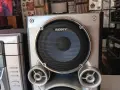 Sony system MHC-RG470, снимка 4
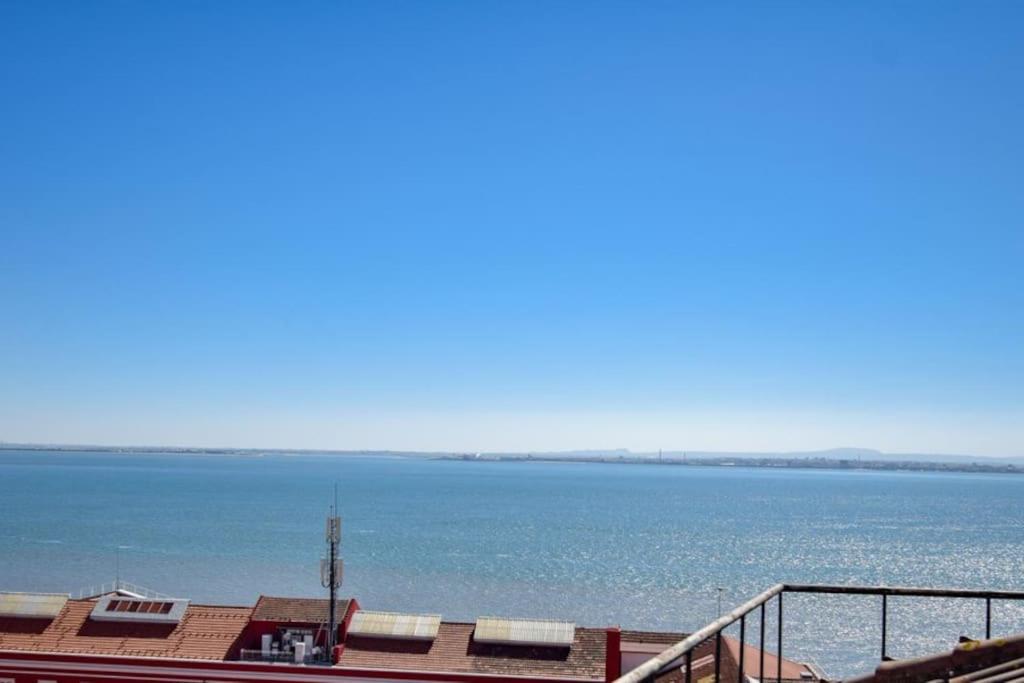Stylish Lisbon Apartment Central מראה חיצוני תמונה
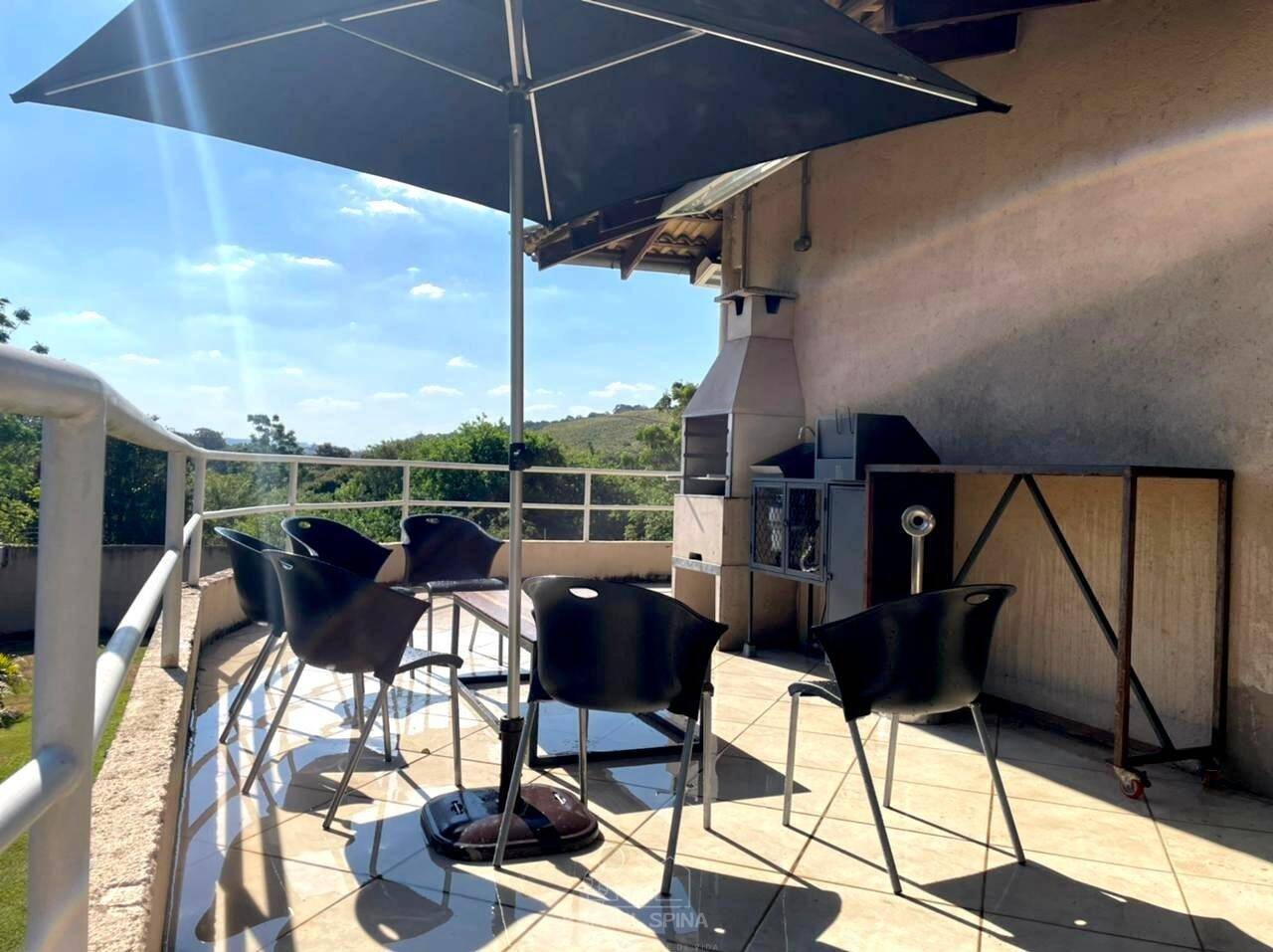 Casa de Condomínio, 5 quartos - Foto 20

======

▶ [WHAT YOU SHOULD DO]: Since the listing holds pictures, return everything else in it exactly and omit those.

▶ [PROBLEM SOLUTION]:
 Sony system MHC-RG470, снимка 4
Stylish Lisbon Apartment Central מראה חיצוני תמונה
 Casa de Condomínio, 5 quartos - Foto 20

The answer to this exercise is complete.